秋深く渡りの鳥たち
晩秋の能登は、渡りの季節である。能登の各地に白鳥が、渡って来たと言う話が聞かれるようになると、能登の人々は、冬を覚悟する。初秋から中秋にかけてコスモスがそこここに咲き乱れて、残り少ない秋の光を演出する。
これらの花たちに迎えられるように渡り鳥達の一隊が渡って棲みよい環境となってくるといっていいのだ。今わたってきている鳥達は、来るべき子の季節に対して体力をつけんとばかりに、或いは、わたってきた体力の回復を図っているのかはわからぬが、餌をついばむのに夢中だ。
それでも周囲への警戒は怠っていない。リーダーらしき鳥が常に周囲の様子を観察している。かといってそれほど神経質とは思えない位置に餌をついばんでいる。このような光景は能登の各地に目にすることができる。

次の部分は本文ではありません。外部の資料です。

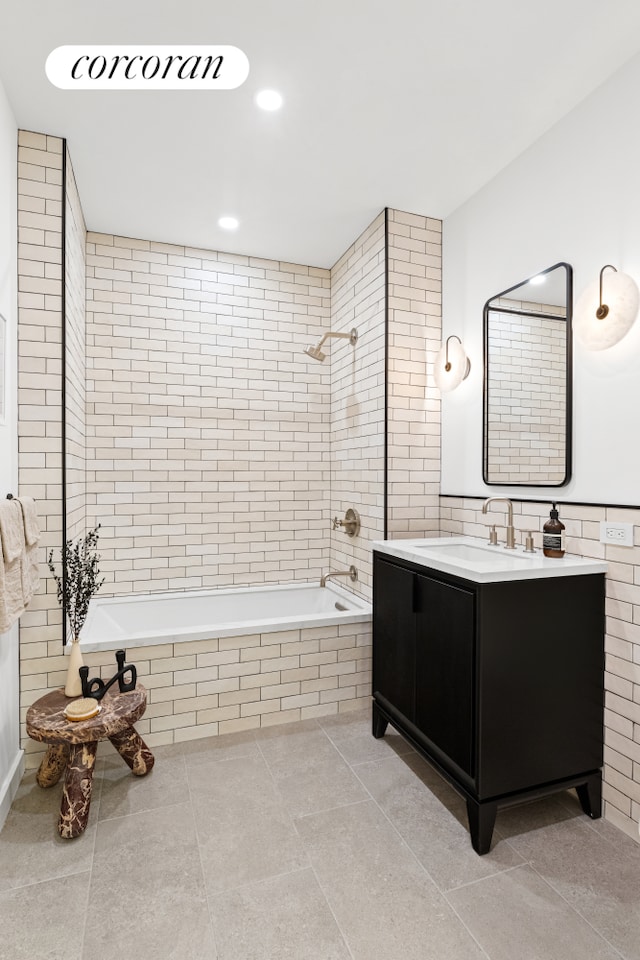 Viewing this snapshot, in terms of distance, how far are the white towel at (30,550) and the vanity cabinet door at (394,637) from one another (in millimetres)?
1532

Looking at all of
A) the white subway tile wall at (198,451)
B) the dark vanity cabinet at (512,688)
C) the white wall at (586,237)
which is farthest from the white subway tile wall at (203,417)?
the dark vanity cabinet at (512,688)

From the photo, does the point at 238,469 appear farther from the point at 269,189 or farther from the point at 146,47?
the point at 146,47

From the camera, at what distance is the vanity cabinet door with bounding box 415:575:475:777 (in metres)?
1.82

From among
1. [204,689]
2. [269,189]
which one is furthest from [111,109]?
[204,689]

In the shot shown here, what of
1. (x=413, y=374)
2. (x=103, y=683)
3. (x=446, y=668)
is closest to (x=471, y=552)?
(x=446, y=668)

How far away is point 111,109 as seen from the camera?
2133mm

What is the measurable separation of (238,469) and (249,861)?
2333mm

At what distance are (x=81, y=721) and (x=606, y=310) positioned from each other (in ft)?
8.47

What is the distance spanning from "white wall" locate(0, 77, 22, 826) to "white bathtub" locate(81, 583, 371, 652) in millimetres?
350

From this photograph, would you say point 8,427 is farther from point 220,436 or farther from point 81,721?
point 220,436

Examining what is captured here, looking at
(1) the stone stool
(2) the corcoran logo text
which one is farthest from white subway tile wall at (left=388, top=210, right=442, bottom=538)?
(1) the stone stool

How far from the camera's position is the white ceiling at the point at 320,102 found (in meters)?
1.71

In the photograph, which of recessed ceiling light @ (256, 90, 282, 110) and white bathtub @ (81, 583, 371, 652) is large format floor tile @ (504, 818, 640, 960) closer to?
white bathtub @ (81, 583, 371, 652)

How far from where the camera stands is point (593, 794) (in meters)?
1.94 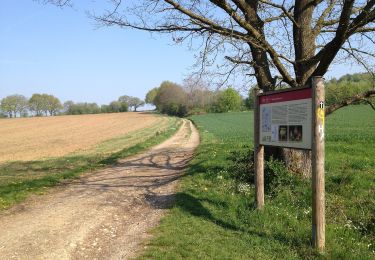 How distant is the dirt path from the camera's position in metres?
6.37

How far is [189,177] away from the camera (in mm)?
12148

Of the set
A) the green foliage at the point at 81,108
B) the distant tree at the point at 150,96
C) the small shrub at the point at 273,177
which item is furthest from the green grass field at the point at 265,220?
the distant tree at the point at 150,96

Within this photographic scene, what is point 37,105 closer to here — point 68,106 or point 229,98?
point 68,106

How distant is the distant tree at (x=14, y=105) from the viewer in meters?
145

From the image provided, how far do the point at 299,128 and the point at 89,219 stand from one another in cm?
416

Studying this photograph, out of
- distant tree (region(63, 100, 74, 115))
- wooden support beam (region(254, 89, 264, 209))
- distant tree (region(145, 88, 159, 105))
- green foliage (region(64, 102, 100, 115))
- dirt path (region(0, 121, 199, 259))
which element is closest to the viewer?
dirt path (region(0, 121, 199, 259))

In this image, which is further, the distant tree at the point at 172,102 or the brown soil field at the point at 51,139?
the distant tree at the point at 172,102

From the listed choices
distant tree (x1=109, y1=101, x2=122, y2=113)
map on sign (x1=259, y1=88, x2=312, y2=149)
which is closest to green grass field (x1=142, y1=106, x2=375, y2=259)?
map on sign (x1=259, y1=88, x2=312, y2=149)

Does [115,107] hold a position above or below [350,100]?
above

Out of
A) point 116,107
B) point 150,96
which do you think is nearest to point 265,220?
point 116,107

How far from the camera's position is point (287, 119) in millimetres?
7172

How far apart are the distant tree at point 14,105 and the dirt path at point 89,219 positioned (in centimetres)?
14423

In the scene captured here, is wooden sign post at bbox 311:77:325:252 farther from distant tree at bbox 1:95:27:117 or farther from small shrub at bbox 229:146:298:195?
distant tree at bbox 1:95:27:117

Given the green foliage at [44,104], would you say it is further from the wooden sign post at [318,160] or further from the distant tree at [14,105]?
the wooden sign post at [318,160] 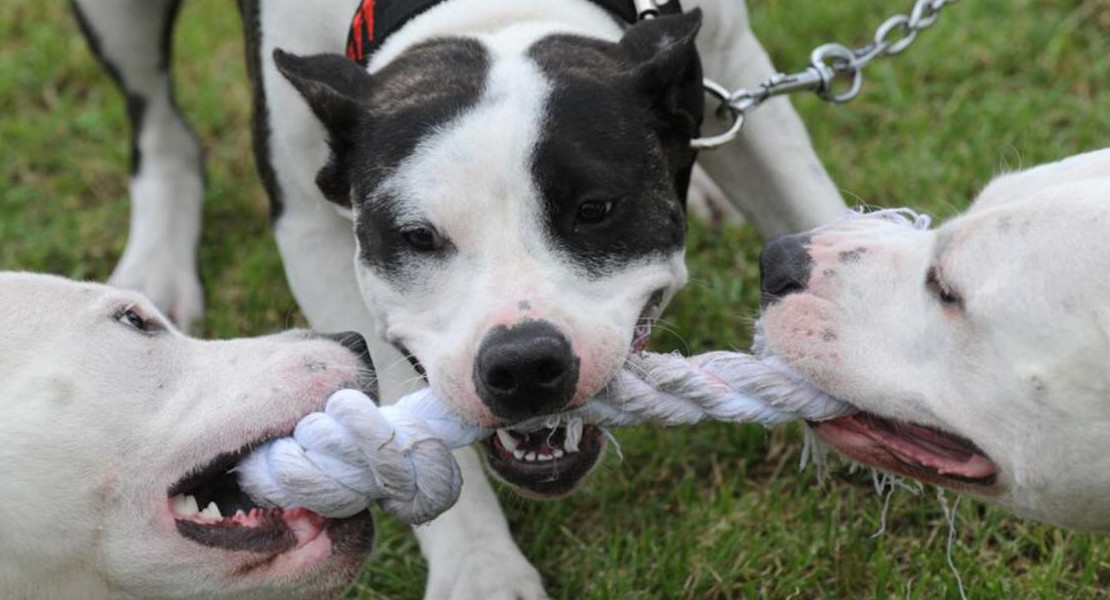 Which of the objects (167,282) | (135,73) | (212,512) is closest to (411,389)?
(212,512)

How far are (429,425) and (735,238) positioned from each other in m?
2.27

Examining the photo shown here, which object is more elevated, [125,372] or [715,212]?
[125,372]

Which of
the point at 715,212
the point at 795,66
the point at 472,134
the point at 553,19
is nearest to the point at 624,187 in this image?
the point at 472,134

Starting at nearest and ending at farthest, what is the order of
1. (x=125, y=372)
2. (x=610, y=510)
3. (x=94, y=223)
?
(x=125, y=372)
(x=610, y=510)
(x=94, y=223)

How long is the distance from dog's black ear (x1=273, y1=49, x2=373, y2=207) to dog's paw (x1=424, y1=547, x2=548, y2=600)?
3.02 feet

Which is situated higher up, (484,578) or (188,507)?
(188,507)

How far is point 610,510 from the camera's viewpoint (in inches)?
158

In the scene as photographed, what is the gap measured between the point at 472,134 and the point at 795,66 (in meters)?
2.78

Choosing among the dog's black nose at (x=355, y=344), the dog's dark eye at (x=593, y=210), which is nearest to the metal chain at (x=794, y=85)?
the dog's dark eye at (x=593, y=210)

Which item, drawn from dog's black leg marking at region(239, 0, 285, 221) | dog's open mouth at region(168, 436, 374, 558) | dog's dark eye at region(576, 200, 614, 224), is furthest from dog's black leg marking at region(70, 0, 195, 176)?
dog's open mouth at region(168, 436, 374, 558)

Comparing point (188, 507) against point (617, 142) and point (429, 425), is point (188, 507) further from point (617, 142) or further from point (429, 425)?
point (617, 142)

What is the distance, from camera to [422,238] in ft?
10.8

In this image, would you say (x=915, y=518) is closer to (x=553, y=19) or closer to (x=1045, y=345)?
(x=1045, y=345)

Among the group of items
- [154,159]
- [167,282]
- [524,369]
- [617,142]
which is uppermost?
[617,142] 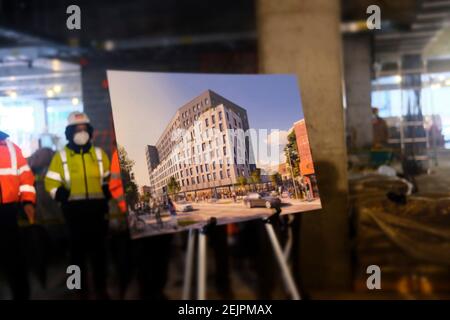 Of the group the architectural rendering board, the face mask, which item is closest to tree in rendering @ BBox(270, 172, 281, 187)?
the architectural rendering board

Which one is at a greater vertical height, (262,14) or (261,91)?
(262,14)

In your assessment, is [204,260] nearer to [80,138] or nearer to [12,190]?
[80,138]

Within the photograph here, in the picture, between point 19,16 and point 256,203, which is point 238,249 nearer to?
point 256,203

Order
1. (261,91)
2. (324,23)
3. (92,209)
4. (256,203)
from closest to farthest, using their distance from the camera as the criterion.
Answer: (256,203)
(261,91)
(92,209)
(324,23)

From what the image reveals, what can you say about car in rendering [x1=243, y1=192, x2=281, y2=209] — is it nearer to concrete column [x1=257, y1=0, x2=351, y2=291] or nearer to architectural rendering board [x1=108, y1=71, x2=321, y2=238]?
architectural rendering board [x1=108, y1=71, x2=321, y2=238]

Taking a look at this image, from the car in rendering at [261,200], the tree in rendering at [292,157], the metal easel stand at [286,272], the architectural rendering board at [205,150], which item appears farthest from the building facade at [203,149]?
the metal easel stand at [286,272]

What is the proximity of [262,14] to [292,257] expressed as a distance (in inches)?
72.5

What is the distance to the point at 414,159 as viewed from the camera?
4562 millimetres

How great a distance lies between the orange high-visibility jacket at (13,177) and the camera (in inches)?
133

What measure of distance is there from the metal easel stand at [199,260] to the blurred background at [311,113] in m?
0.25

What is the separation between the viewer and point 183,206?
112 inches

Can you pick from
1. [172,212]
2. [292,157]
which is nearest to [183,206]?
[172,212]

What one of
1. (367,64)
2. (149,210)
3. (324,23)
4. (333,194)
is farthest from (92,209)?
(367,64)

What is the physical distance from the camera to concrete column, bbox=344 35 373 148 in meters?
4.64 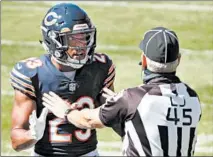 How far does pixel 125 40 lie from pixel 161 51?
1011 centimetres

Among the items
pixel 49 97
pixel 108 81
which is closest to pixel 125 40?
pixel 108 81

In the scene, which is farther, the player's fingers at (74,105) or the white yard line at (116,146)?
the white yard line at (116,146)

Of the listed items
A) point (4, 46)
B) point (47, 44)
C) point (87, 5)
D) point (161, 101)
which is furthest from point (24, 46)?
point (161, 101)

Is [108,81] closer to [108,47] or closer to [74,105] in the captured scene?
[74,105]

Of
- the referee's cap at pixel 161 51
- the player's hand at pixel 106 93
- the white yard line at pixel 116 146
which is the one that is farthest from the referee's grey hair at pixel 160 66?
the white yard line at pixel 116 146

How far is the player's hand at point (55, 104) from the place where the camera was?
537 cm

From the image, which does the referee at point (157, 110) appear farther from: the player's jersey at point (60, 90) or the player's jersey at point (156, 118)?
the player's jersey at point (60, 90)

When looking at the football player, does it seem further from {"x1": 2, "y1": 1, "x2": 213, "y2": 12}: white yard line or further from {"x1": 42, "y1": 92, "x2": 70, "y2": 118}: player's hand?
{"x1": 2, "y1": 1, "x2": 213, "y2": 12}: white yard line

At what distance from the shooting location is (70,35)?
18.4 feet

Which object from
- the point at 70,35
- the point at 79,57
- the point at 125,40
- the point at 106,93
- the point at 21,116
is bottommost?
the point at 125,40

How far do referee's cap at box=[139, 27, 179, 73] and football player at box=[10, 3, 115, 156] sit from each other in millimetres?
809

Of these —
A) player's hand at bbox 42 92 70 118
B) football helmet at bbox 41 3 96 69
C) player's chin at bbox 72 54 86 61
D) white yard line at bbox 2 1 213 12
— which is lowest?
white yard line at bbox 2 1 213 12

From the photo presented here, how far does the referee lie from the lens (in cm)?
480

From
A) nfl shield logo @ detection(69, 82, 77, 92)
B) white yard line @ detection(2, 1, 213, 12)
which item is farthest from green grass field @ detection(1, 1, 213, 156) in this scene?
nfl shield logo @ detection(69, 82, 77, 92) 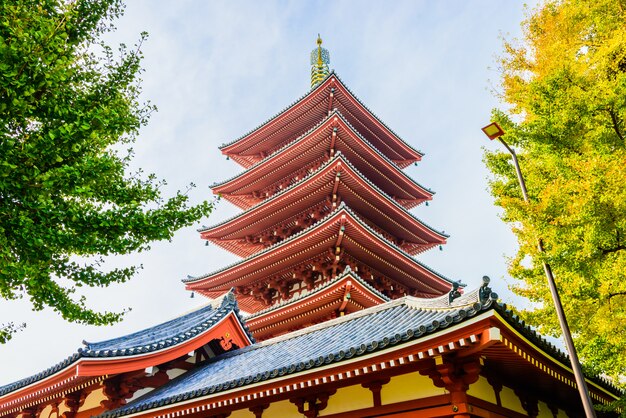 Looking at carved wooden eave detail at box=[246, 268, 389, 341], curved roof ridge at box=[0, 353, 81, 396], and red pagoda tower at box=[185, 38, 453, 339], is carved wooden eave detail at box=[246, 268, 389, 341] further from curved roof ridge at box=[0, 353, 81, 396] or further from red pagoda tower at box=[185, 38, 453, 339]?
curved roof ridge at box=[0, 353, 81, 396]

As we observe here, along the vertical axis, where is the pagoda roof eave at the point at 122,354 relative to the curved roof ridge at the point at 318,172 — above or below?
below

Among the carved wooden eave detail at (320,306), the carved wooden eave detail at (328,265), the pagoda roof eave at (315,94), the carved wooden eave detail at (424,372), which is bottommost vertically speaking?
the carved wooden eave detail at (424,372)

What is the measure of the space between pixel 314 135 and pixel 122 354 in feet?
39.1

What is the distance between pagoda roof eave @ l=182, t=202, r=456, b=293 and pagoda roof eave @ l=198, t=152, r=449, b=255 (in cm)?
175

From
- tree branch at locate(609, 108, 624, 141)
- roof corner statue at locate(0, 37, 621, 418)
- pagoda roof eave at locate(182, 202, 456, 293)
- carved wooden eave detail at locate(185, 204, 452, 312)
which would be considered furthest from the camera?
carved wooden eave detail at locate(185, 204, 452, 312)

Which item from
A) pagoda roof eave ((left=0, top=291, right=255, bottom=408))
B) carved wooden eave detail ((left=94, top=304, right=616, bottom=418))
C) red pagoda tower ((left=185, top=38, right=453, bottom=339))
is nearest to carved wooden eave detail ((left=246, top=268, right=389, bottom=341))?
red pagoda tower ((left=185, top=38, right=453, bottom=339))

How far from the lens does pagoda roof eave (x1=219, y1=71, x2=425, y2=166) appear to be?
20.2 meters

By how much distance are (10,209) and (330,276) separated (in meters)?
11.5

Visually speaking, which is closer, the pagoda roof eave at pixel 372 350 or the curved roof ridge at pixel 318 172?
the pagoda roof eave at pixel 372 350

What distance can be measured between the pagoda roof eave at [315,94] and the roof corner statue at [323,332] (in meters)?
0.07

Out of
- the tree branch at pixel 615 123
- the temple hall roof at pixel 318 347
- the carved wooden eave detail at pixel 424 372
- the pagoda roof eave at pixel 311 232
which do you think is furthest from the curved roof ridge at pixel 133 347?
the tree branch at pixel 615 123

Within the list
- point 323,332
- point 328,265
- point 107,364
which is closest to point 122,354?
point 107,364

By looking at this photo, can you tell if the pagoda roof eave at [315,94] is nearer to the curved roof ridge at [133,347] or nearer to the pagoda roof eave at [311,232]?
the pagoda roof eave at [311,232]

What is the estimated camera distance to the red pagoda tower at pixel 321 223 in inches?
607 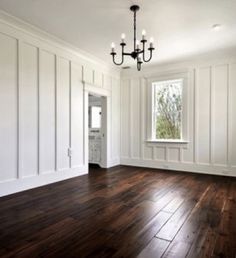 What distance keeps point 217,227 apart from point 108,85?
15.1 feet

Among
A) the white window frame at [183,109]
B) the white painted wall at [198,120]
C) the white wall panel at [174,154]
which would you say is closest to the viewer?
the white painted wall at [198,120]

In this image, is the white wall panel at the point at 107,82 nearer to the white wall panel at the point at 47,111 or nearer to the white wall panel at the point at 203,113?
the white wall panel at the point at 47,111

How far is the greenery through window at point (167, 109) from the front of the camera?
573 cm

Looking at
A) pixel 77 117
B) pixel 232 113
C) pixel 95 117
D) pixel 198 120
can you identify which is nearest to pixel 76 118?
pixel 77 117

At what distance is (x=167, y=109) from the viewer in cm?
591

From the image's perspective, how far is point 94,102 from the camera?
23.3ft

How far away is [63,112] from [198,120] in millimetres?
3405

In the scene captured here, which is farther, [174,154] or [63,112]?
[174,154]

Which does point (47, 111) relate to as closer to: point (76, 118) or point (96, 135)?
point (76, 118)

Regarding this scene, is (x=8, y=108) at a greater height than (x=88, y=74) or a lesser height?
lesser

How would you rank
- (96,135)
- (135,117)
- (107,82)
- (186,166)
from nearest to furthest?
(186,166)
(107,82)
(135,117)
(96,135)

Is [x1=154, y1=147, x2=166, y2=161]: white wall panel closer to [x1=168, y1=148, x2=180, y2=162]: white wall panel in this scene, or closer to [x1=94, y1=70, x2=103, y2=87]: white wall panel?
[x1=168, y1=148, x2=180, y2=162]: white wall panel

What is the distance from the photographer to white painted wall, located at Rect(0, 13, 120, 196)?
11.6ft

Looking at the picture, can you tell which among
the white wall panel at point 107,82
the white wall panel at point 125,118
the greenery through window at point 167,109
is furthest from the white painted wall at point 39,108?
the greenery through window at point 167,109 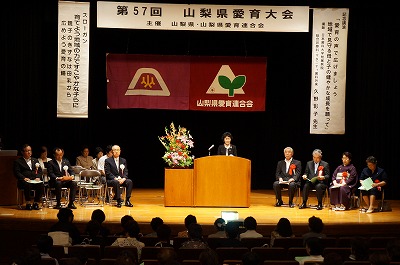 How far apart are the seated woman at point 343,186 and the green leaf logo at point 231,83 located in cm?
246

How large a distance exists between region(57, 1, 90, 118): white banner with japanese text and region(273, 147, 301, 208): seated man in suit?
3.79m

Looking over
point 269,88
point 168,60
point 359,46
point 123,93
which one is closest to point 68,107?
point 123,93

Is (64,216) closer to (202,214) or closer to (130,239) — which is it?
(130,239)

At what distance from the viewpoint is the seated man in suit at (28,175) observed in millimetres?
11758

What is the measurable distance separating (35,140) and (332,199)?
6243 millimetres

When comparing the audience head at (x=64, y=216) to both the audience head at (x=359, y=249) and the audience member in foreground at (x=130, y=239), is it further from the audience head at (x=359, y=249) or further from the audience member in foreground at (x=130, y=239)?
the audience head at (x=359, y=249)

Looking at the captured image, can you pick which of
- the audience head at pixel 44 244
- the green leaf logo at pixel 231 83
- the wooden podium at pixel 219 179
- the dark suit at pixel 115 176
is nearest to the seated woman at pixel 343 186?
the wooden podium at pixel 219 179

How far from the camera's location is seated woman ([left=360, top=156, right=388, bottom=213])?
12055mm

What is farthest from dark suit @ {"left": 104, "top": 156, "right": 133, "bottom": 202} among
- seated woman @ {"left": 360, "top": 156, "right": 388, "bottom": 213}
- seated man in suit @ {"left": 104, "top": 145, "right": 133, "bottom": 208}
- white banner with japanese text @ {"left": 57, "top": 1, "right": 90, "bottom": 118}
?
seated woman @ {"left": 360, "top": 156, "right": 388, "bottom": 213}

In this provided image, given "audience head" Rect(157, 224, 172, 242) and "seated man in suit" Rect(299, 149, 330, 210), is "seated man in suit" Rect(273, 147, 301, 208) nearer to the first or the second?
"seated man in suit" Rect(299, 149, 330, 210)

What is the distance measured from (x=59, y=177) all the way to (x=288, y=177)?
4217 millimetres

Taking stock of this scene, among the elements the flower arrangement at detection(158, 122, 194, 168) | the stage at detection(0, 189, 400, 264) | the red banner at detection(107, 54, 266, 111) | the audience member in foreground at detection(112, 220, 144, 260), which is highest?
the red banner at detection(107, 54, 266, 111)

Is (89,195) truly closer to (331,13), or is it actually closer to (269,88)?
(269,88)

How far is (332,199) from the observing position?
12484mm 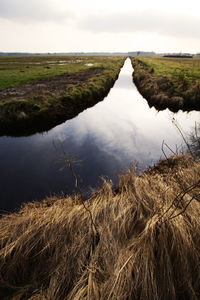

さて、いまわたってきている白鳥の群れには、かなり幼鳥が見受けられる。彼らもまた渡りをしてきたのだろうか。 それにしても、私達のフィールドのいとも簡単に舞い降りてきてしまった。それをまた特別に意識していない能登の人々がある。このようなことはもうずいぶん昔から当たり前のようにあったものだと思っているかのようである。
白鳥のほかの鳥達もそうなのだがそこにいることが当たり前のように遊んでいる。彼らは目の前を列車が通り過ぎようと関係なく悠々と泳いでゆく。かの白鳥達も工事現場のすぐそばに餌をついばんでいる。そこにこの能登特有の自然との関り方があるのだと思う。